Opinion Forum

Karl Douglass: No quick pension fix

The pension problem is real. Governments across the country are struggling to balance their budgets while also properly funding their pension plans. The Postmaster General claims that the problem is so bad with the United States Post Office that the organization has to make major reductions in service or risk going out of business.

In Columbus, the mayor and council are exploring various scenarios to address the pension problem the city faces. One idea is to create a two-tiered system which would allow current employees to contribute 4 percent of their salaries toward their pensions and have the ability to retire with up to a maximum of 60 percent, but would require new employees to contribute 6 percent of their salaries while allowing those employees the ability to retire with a maximum of only 45 percent.

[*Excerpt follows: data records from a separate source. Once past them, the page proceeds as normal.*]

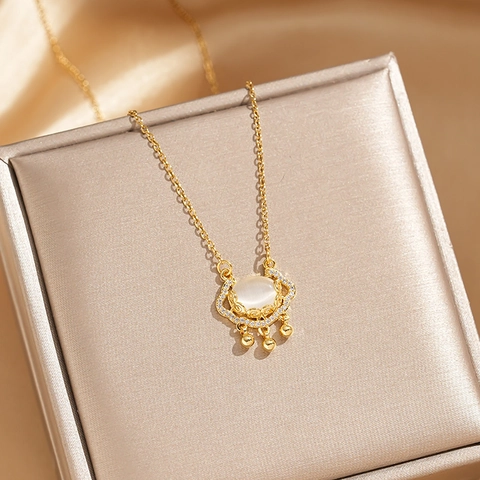 Collana Con Ciondolo A Lucchetto Ruyi Tradizionale Acciaio Al Titanio Rame Con Zirconi E Occhio Di Gato Gioiello Fortuna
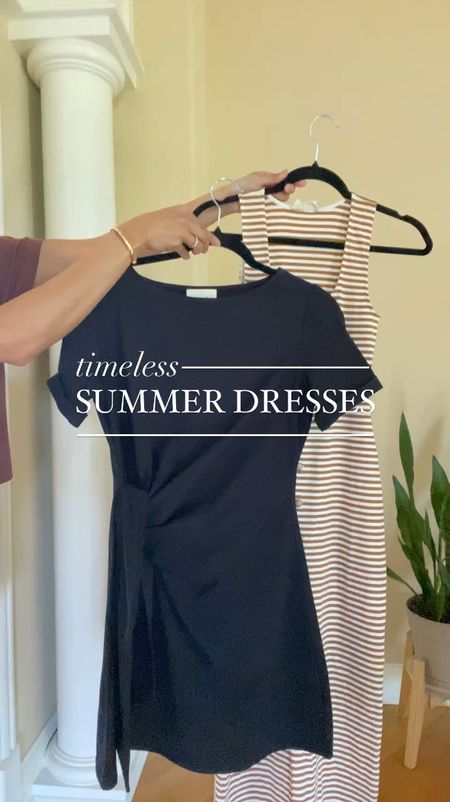 Timeless summer dresses. Easy summer dress. 
Black dress is made of nice cotton material and has a great fit with the tie waist style. True to size or size down if in between. 
Longer tank dress is made of a nice cotton ribbed material. Buttons are functional so you can create your own look. True to size or size up if in between. 
Summer necklace can be worn long or layered shorter. 
Straw bag. Tote bag. Straw tote. 
All from @sezane  
Sandals. 
Vacation dress  


#LTKOver40 #LTKStyleTip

Another idea is to create a different two-tiered system which still limits current employees to a 4 percent contribution, but requires new employees to contribute 8 percent of their salaries to the pension plan so that new and current employees alike have the ability to retire with up to 60 percent of their salaries.

Both plans treat new employees differently from current employees. Unfortunately, that is a necessary evil as pension fund investments have not yielded as much recently as they did in the past. Fortunately, all parties agree that current employees were made a promise and every effort is being made to ensure that the pension promised to our current employees, and the terms of that promise, remain materially unchanged.

If the city's pension fund could yield higher returns, none of this would be an issue. The Georgia General Assembly passed legislation on the last day of the session that opens the door for "large retirement systems" to consider alternative investments. The success of the Retirement Systems of Alabama's alternative investments is legendary. As head of the system, CEO David Bronner invested a portion of the funds' assets in the Robert Trent Jones Golf Trail, the Battle House Tower and Raycom Media, among other things. As a result, RSA has had a buffer against many of the ebbs in the market experienced by other government pension funds.

The legislation passed by the Georgia General Assembly allows qualified pension funds to invest up to 5 percent of their assets in alternative investments like the ones chosen by Mr. Bronner at RSA. There is never a guarantee that an investment will succeed and there is no guarantee that governments in Georgia that invest in these types of opportunities will see the growth that RSA has seen.

However, if Governor Deal signs this bill and the Columbus Consolidated Pension fund qualifies under OCGA 47-20-84, perhaps investing a portion of our funds in strong alternative investments would make sense. Yes, they have higher risk. But they also have higher rewards and maybe those higher rewards can make it a little easier for the mayor and city council to fix our pension problem.